研究でも、適度な現実逃避が生産性や創造性の向上に寄与することが示されています。
そして、長期的な依存状態に陥ることなく実現できる範囲が「適度」とされています。
同時に、依存行動の背景には現状の不満が原因となっている事もわかっており、だからこそ過度に没頭してしまう事もわかっています。
よって、適度の範囲がわかったところで実際の行動に結びつけるのも難しいんです。
だからこそ
「ここまで情報を得たのにできない・・」
こんな自己否定をする必要はありません。
「適度適度適度適度うっせぇよ!!」
気持ちはとても分かります。
当時の私が聞いても、きっと耳が痛いと感じたでしょう。
しかし、嫌というほど思考に染み付けば、やばさが頭の中で理解できるため、自己制御に繋がります。
「いや、やばさがわかってしまったからこそ、適度にできない自分を嫌いになって余計にストレスに・・」
何度もお伝えします。すぐできなくて普通です。
たまーーに、ちょっとだけ、意識して思い出したときだけでも出来るようになればそれでいいんです。
その積み重ねで化けます。
何かの情報を追加で得た時に、習慣を見直すやる気が膨れ上がる事だってあります。
今だけを見ない事が大切です。
オンラインゲームやSNS依存の専門家である教授は、依存行動が現実生活の不満やストレスを背景にしていることを多くの論文で提唱しています。

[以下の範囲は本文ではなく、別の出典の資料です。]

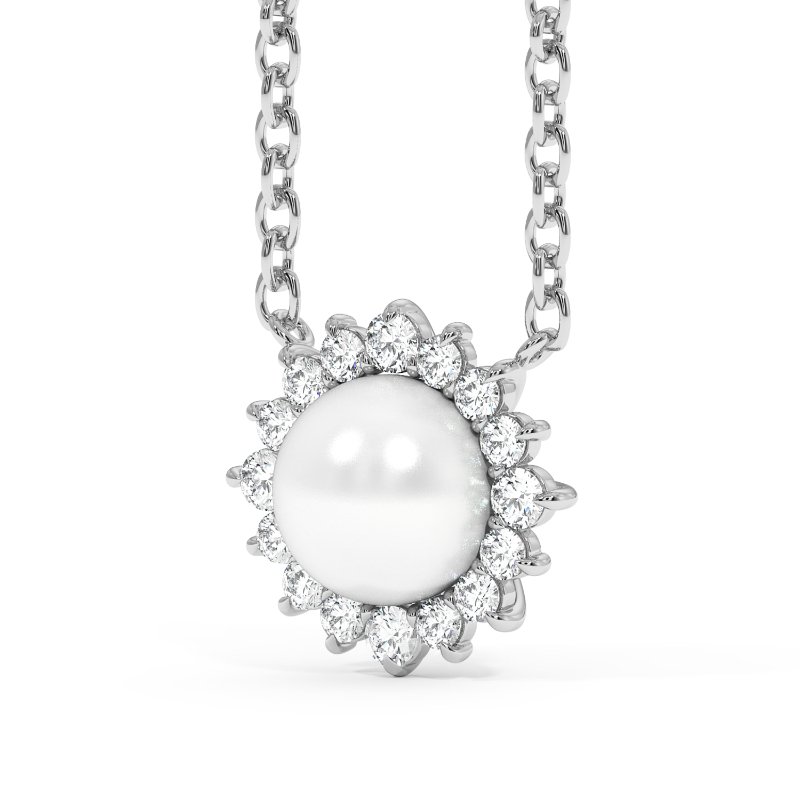 18K White Gold Summer Pendant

Mark Griffiths(英国ノッティンガム・トレント大学教授)2010.
SNSやオンラインゲームにおける依存行動は、現実世界での心理的満足感の欠如が主因であると主張しています。
別の心理学者によれば、SNSの過剰使用が人の孤独感や抑うつ感を悪化させていることを指摘しています。

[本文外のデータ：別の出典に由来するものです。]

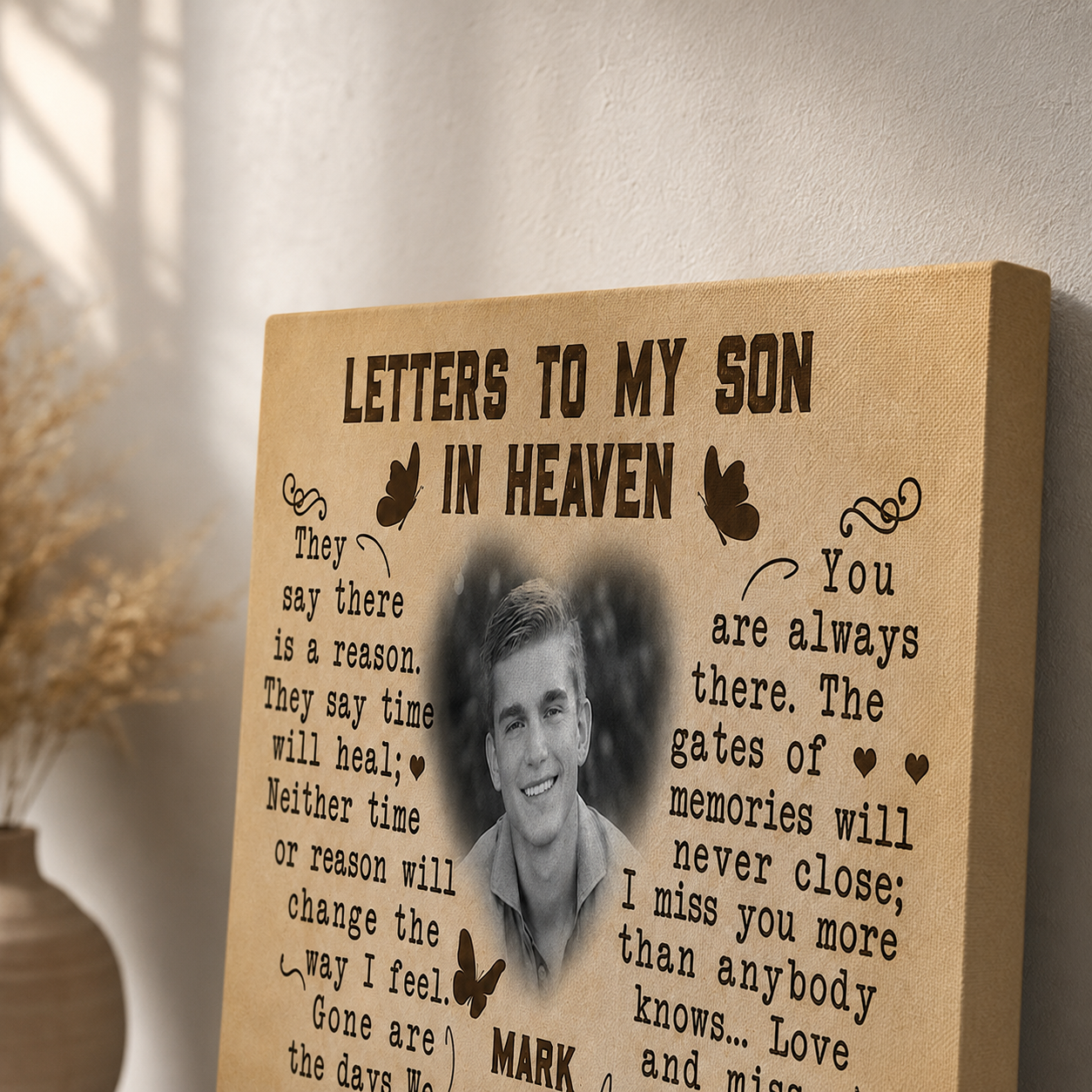 Letters To My Son In Heaven Poem Memorial Canvas | Memorial Gift For Loss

特に、満たされていない感情がSNSの過度な利用と依存を引き起こしていると分析しています。
Jean Twenge(心理学者、著書『iGen』)
「この娯楽のやりすぎ、良くはないよな・・」
とわかっているのなら、当初の目的を達成したら一旦離れるという、小さい目標からスタートでいいんです。

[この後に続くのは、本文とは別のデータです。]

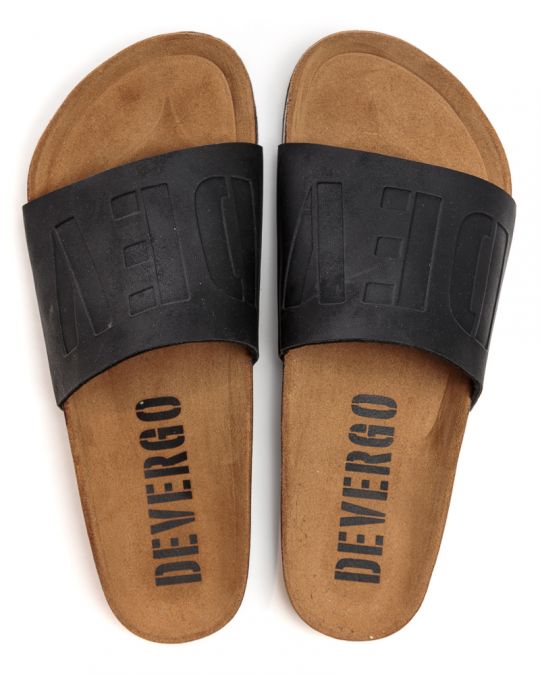 BLACK MEN'S LEATHER SLIDES - ATLAS DE-IM2000PU 23SS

過去の私で言えば、あれを倒したら一旦ログアウト。だったり、倒すための装備が1個作れたらログアウト。など、目的を達成したら一旦現実に戻るというのは必要だったのでしょう。
しかしこれも、その時の精神状態によるのは間違いないので、成功体験を積みまくるという観点では、一旦現実に戻るという選択肢が必ずしも正しいわけではないので、自分の状況をよくみて適した方法を選ぶのが良いでしょう。
まとめ
いかがでしたか?
娯楽に現実逃避だとしても一旦のめり込むのは、むしろ現実のストレスから自分を守るための自然な反応でもあります。
大切なのは、この行動が続きすぎないように少しずつ生活を整えていくことです。
それもあせらず、無理に一気に変えようとせず、少しずつ調整していけば、結果的には自分の気持ちも少しずつ軽くなります。
6時間も遊んでしまうゲームを5時間50分に抑えるだけでもスモールステップです。
「いやいやいや、そんなスモールすぎるステップじゃいつ自制できるんだよ。むしろスモールステップに飽きてやめるわ」
そう感じるのなら、ストレスなく可能な範囲で時間を調整すればいいんです。
浮いた時間で何をしますか?やる事がなくなる。のではなく、生活のバランスが取れるようになるのではないでしょうか?
今回はここまでになります。
最後まで読んでいただき、ありがとうございました。
参考文献
「スマホ脳」アンデシュ・ハンセン
「デジタル・ミニマリスト」カル・ニューポート
【研究論文】
Lemmens, J. S., Valkenburg, P. M., & Peter, J. (2011).
“The effects of pathological gaming on adolescents’ mental health”. Journal of youth and adolescence.